10/9/2008
Organic Biodynamic India--first in class
What the deuces is Biodynamic Agriculture? It is old-fashioned and newly fashionable sustainable agriculture. The kind of farming practices our grandparents employed until they were unemployed when agriculture turned into agri-business. Now as people rediscover local foods and start showing concern about their local environments, we can resow the seeds of how things really work. In biodynamic farming, the farm is treated as a living organism and all efforts are made to ensure the long term sustainability of the farmland. Soil is the key ingredient to the success of the farm. In that vein, every effort is taken to ensure the ongoing health of the soil. What is needed are various field preparations and composts from leaves, herbs, flowers and of course cow dung. These inputs are then fermented to enrich them in growth-stimulating substances. They get the ball rolling much in the way that yeast works in bread.

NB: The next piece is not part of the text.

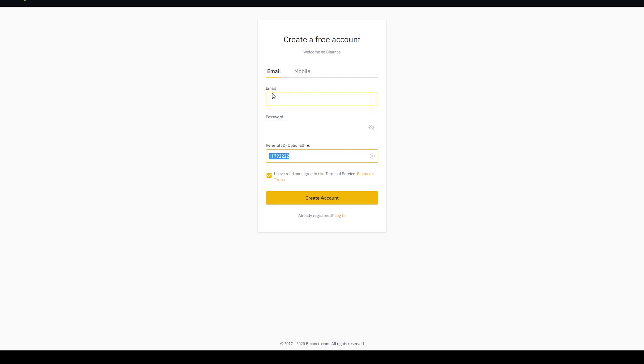Put your email, your password and press create account. Once you do that you'll be all set up to trade on Binance and your fees will be waived. Just make sure you use BNB for your fees.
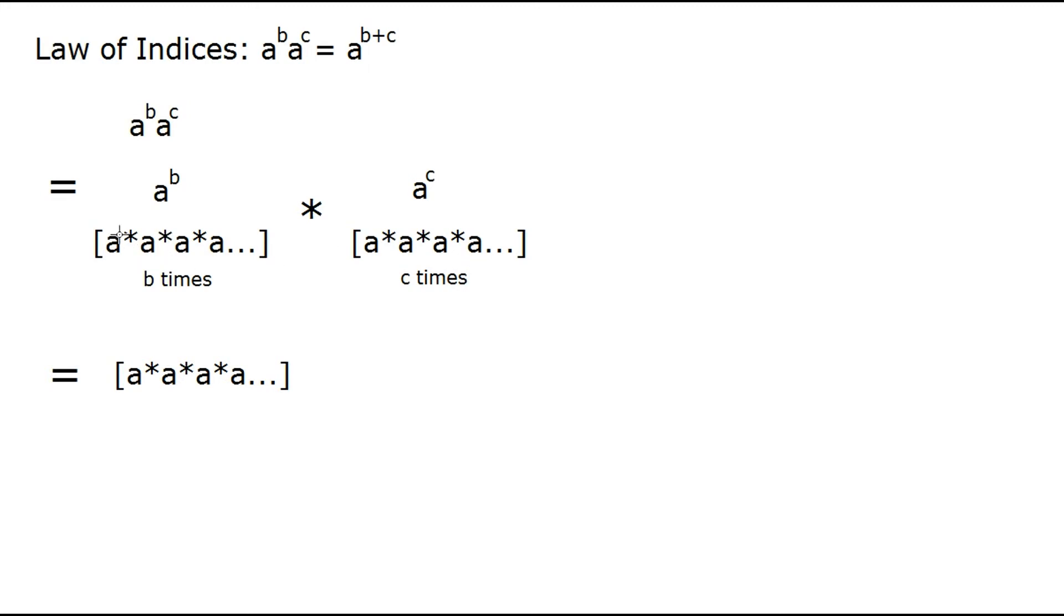So if we multiply all of those a's together, we're left with a string of b plus c a's, right? So this is going to be a times a times a times a for a total of b plus c times.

Another way to look at these practices is as recycling for your specific parcel of land. In the Indian coffee fields, there are shade trees which provide shade from too much sunlight but also provide leaves for composting and strong trunks onto which other crops such as vanilla and pepper can attach themselves. Along with the leaves, green weeds, flowers like chamomile, dandelion, valerian and yarrow and coffee husks are used. Sprays are also made from cow dung buried in a horn in the ground and allowed to decompose over the winter. It is dug up in the Spring and diluted for the spray. Do these practices actually work. Who cares? How awesome is it to bury a horn full of cow crap? Life is about rituals.

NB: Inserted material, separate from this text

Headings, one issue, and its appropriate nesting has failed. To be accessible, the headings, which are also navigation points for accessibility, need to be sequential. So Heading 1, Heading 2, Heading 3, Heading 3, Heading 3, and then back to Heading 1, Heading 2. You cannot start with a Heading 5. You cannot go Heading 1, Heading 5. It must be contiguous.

Drinking coffee is one of the most pleasurable rituals we have. This biodynamic coffee is from the Nigiris region of India. You will find it, not very easily for sure, at the intersection of Kerala, Karnataka and Tamil Nadu states in the Western Ghats mountainrange. The mysterious practices of biodynamic farming are apropos in this most mysterious region. It is home to a tribal group called the Todas, supposedly descendants of a lost regiment of Alexander the Great. The estate is called Baalmaddi an Anglicized version of a Tamil word which means udder of the cow. At least it wasn’t bullocks. The biodiversity of the region is amazing. At night the animals come out. You have barking deer, marauding monkeys, elephants eating bananas, bison, panthers and towards the dawn the song of the thrush known as the “whistling schoolboy.”
I wanted to whistle when I first whet my whistle with this biodynamic coffee. The best description I can give to this coffee is that it fully expresses its’ terroir like a wine. Each time you taste the coffee you find something new. It is a seriously complex cup. The aroma is full of apricot, honey and wheat like the freshness of a wheat beer or hefeweizen. It has a delicate acidity balanced by a full body. You can taste lots of muted spices from cinnamon to nutmeg as if someone has dusted your cup in just the right amount. It is exceptionally sweet and finishes with a burst of carob, cocoa and tea like notes. When you roast it darker you pick up more of a cedar aroma with a raisiny concentration and wine-like acidity. You find marshmallow sweetness and hints of leather and roots, this is the earthiness or terroir. It is a beast of a cup and finishes with what can only be described as a Count Chocula flavor which lasts about 2 hours.
I was so impressed with this coffee that I put together a new espresso blend using it as a base. The espresso was the most persistent I have come up with. It just lingered and lingered. It had the aroma of a freshly picked blueberry, full of ripeness. When you combined it with milk it just turned into something you would swear was sweetened. The low notes go on and on like a well-played bass line drives a song forward.
Forward pioneering biodynamic farmers and let the past bury (the horn in) the pasture.